100 Tage EU aus Sicht der tschechischen Landwirtschaft

Foto: CTK

Hundert Tage - so lange ist sie für gewöhnlich, die politische Gnaden- bzw. Bewährungsfrist. Nach hundert Tagen wird erstmals abgerechnet, bilanziert, neubewertet und kritisiert. Das gilt für ganze Regierungen, einzelne Minister, Präsidenten, und derzeit - im Falle Tschechiens - auch für die Mitgliedschaft in der Europäischen Union. Der Tschechische Landwirtschaftsverband hat am Dienstag zu einer Bilanzpressekonferenz geladen. Thema: 100 Tage EU aus Sicht der tschechischen Bauern. Gerald Schubert war dabei:

Foto: CTK
Im Zuge der EU-Beitrittsverhandlungen galt sie, wie in anderen Ländern auch, als eines der Sorgenkinder: Die Landwirtschaft. Die Direktzahlungen aus Brüssel seien im Vergleich mit den alten EU-Ländern zu niedrig, meinten damals viele Bauern, und veranstalteten mehrere Demonstrationen im Prager Stadtzentrum. Manche waren auch der Ansicht, dass diverse Anbauquoten der tschechischen Landwirtschaft Schaden zufügen könnten. Miroslav Jirovský, Vorsitzender des Tschechischen Landwirtschaftsverbandes, bilanzierte am Dienstag seine Erfahrungen aus den ersten 100 Tagen in der EU. Auf der positiven Seite nennt er an erster Stelle Preisstabilität:

"Der Beitritt hat uns gezeigt, dass es innerhalb der EU zu keinen extremen Preisschwankungen kommt. Wir haben die Möglichkeit bekommen, das durchschnittliche Preisniveau für landwirtschaftliche Produkte nun an das der gesamten EU anzunähern. Darauf werden wir auch weiterhin achten - auch wenn es anfangs noch Unterschiede geben wird."
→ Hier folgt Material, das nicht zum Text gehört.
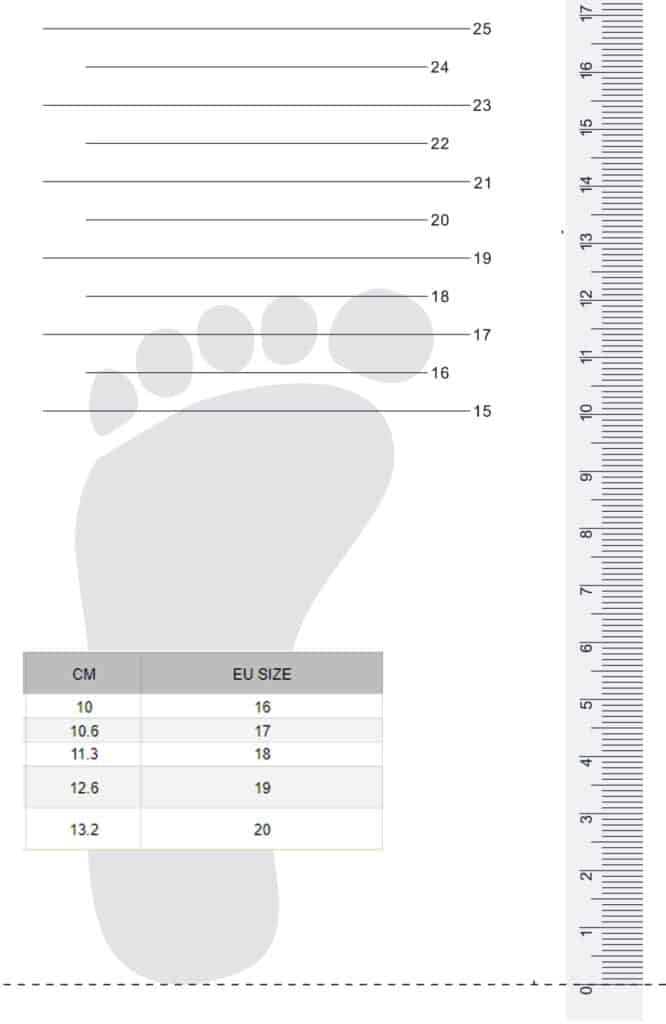 grafică cu riglă pentru alegerea măsurii corecte a pantofilor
Negativ bewertet Jirovský vor allem ein konkretes Versäumnis tschechischer Politiker:

Foto: CTK
"Keiner von unseren 24 Abgeordneten im Europaparlament hielt es für nötig, Mitglied des Landwirtschaftsausschusses zu werden. Ich halte das für ein sehr ernsthaftes diplomatisches Versäumnis. Tschechien hat dort nur zwei Ersatzleute. Und das ist sehr wenig, wenn man bedenkt, dass durch den Landwirtschaftsausschuss 50 Prozent des EU-Budgets gehen."
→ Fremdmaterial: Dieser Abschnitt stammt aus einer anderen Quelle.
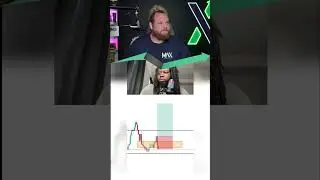 This trader makes the best call to action content in our field.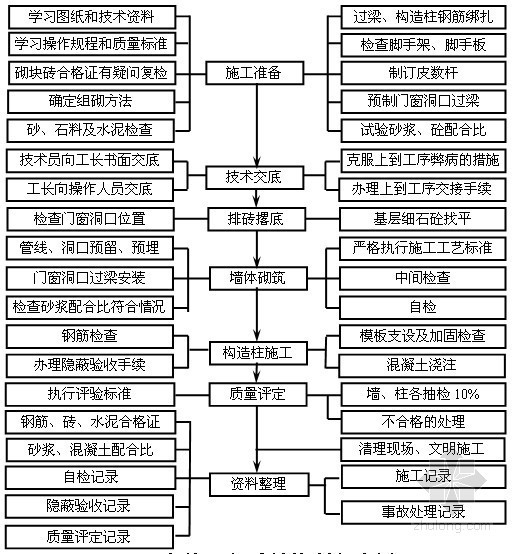 [天津]大学教学楼工程质量创优策划方案（海河杯）-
Gerade die jüngste Diskussion rund um die Zuckerproduktionsquoten hätte laut Jirovský gezeigt, wie wichtig die direkte Vertretung tschechischer Interessen in diesem Bereich wäre. Hintergrund: Ein von Landwirtschaftskommissar Franz Fischler ausgearbeiteter Reformplan sieht hierzulande die Senkung jener Quoten vor, Tschechien befürchtet, zwangsweise zum Zuckerimporteur zu werden.

Die Diskussion in dieser Angelegenheit wird im Herbst fortgesetzt. In den meisten Bereichen, etwa hinsichtlich der Unterstützungszahlungen aus der EU, der Exporte landwirtschaftlicher Produkte, oder der Entwicklung der Getreidepreise bewertet Jirovský die EU-Mitgliedschaft jedoch positiv.